*** Source data ***
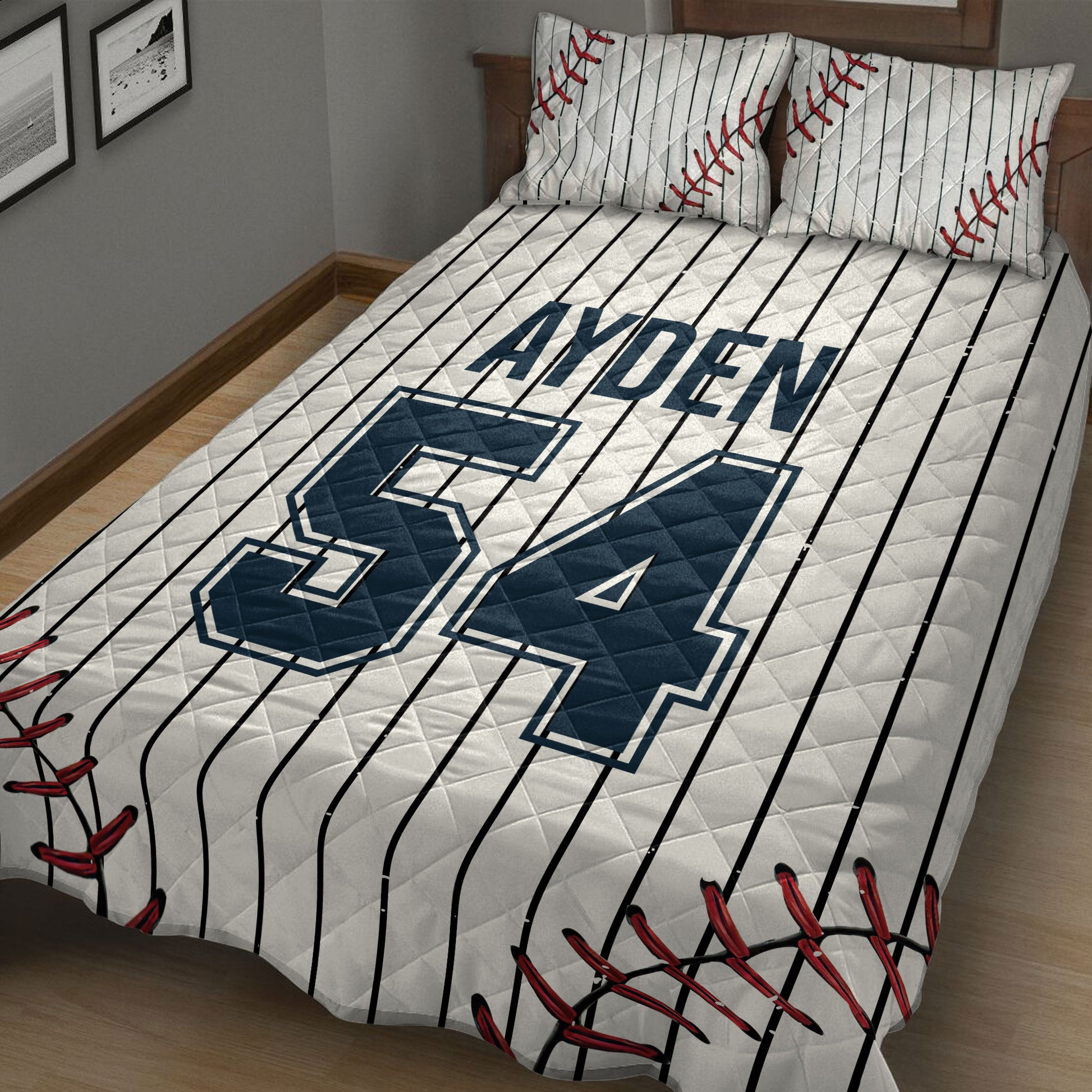 Close bedroom view of a baseball quilt blanket featuring bold navy sports graphics, pinstripes, and red stitching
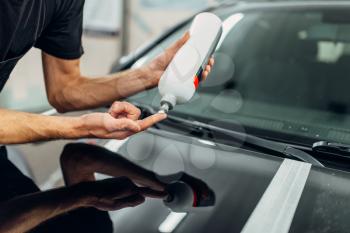 Male person with car polishing paste. Auto detailing on carwash station, restore the paint of vehicle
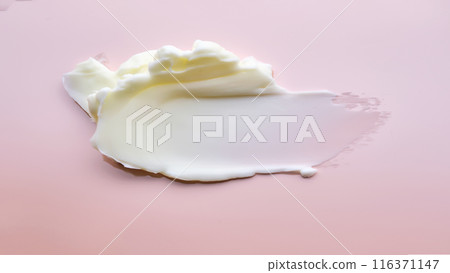 Texture of cosmetic butter on a pink background. Texture of cosmetic butter on a pink background. 116371147
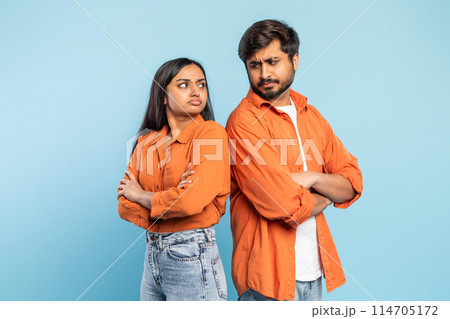 Indian man and woman facing away from each other with crossed arms, signaling a disagreement, against blue background 114705172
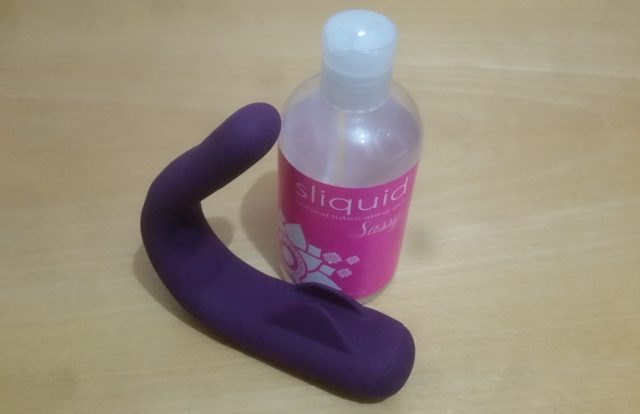 A vibrating mystery sex toy, the MysteryVibe Crescendo, showcased alongside a liquid bottle.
*** End of Source data ***
Please return only the lines from the one holding "Texture of cosmetic butter on a pink background. Texture" through the end of the data, both ends included; do not copy any pictures.

Response area —
 Texture of cosmetic butter on a pink background. Texture of cosmetic butter on a pink background. 116371147
 Indian man and woman facing away from each other with crossed arms, signaling a disagreement, against blue background 114705172
 A vibrating mystery sex toy, the MysteryVibe Crescendo, showcased alongside a liquid bottle.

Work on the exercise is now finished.